CHAPTER NINE: THE BALANCE
The first woe has passed…
But there are two more to come.
—Revelation 9.12
“I’M FEELING BETTER NOW,” Matt said, sitting up in the hospital bed and immediately crying out.
“Yeah, you sound better,” Sully remarked.
Matt Mercurio tried to smile at him and at Chris.
“Thanks for coming, guys. Do you know I can leave tomorrow? I won’t be throwing the ball around for a while.” He tried to smile again.
“It’s a good thing we’re graduating in a few months and that won’t matter.”
“Yeah,” Matt said. He looked distracted. Like he was about to say something. And then he did.

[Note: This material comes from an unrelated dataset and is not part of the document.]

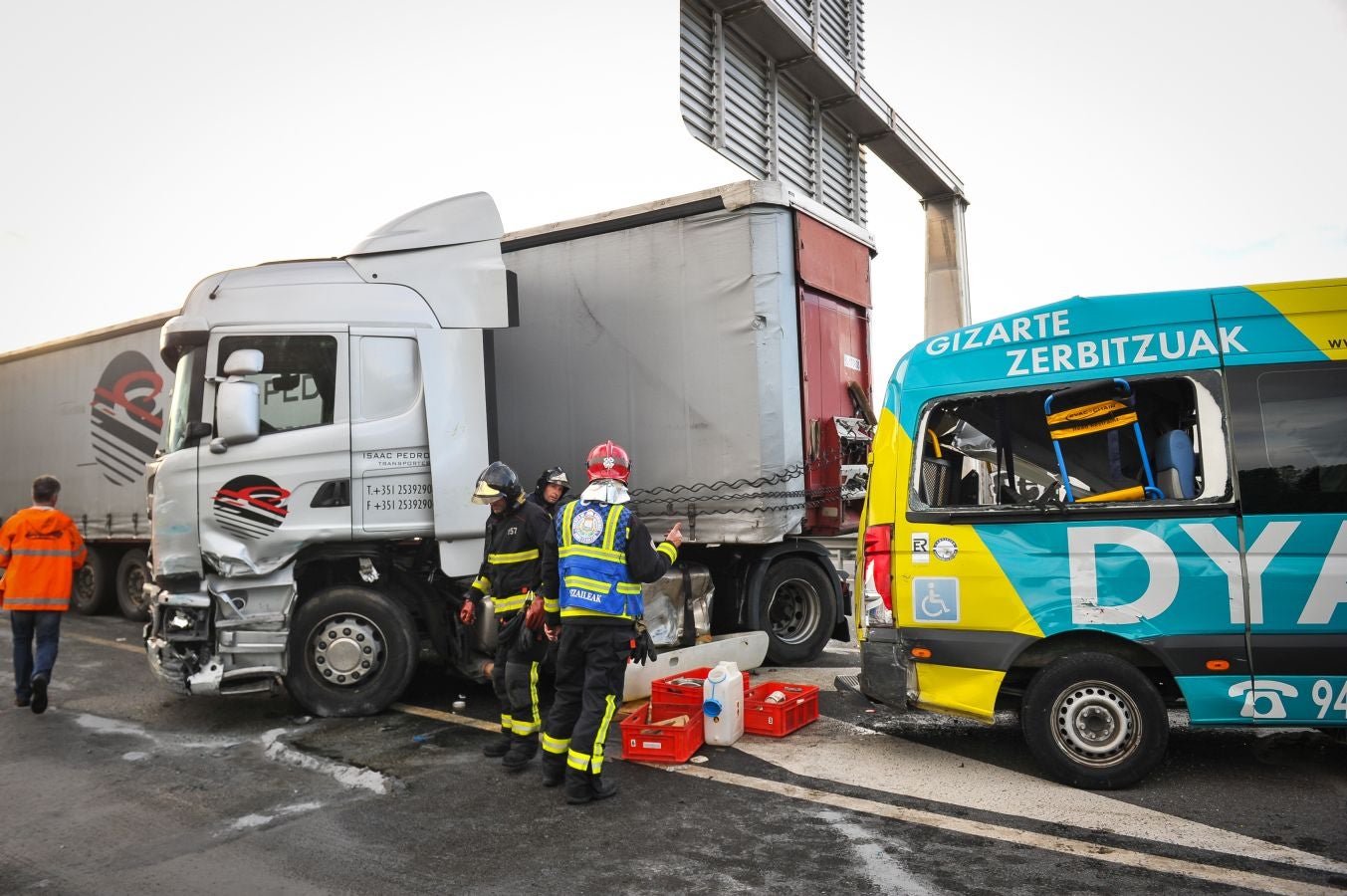 Las imágenes del accidente en la A-15, en Hernani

“What all happened? I haven’t heard about what happened. Did a lot of people get... hurt?”
“Hardesty was hurt.”
“Dean Howard got shot in the arm, but he was calm as anything,” Chris threw in.
“Andy Rathko died.”
“Oh,” Matt said.
“Yeah,” Sully told him.
“Who else?”
“Bob Guernik’s really bad off. We thought he would die, but Andy Rathko was it.”
“Dick Rathko’s cousin?” Matt murmured, looking down at the bed.
“Yeah,” Chris said.
None of them said anything for a moment.
“It was supposed to be me,” Matt said, finally. “I was the one that egged him on. I was the one that... did what I did to Dave at Christmas.”
“Matt!” Chris started.
“You can say it’s not true, but that’ll be a lie. You know it was me. I always do stuff like that. I don’t know why. I’m a bully. But this time around.... He shot me. I didn’t even know it was happening until it did. But Andy Rathko didn’t do anything.” Matt was trembling. “He didn’t do… anything. He was a nice guy. He was a good guy, and I’m the reason he’s dead.”
“That’s not true,” Chris said.
“If it’s not true why doesn’t Sully say it’s not true. I killed him.”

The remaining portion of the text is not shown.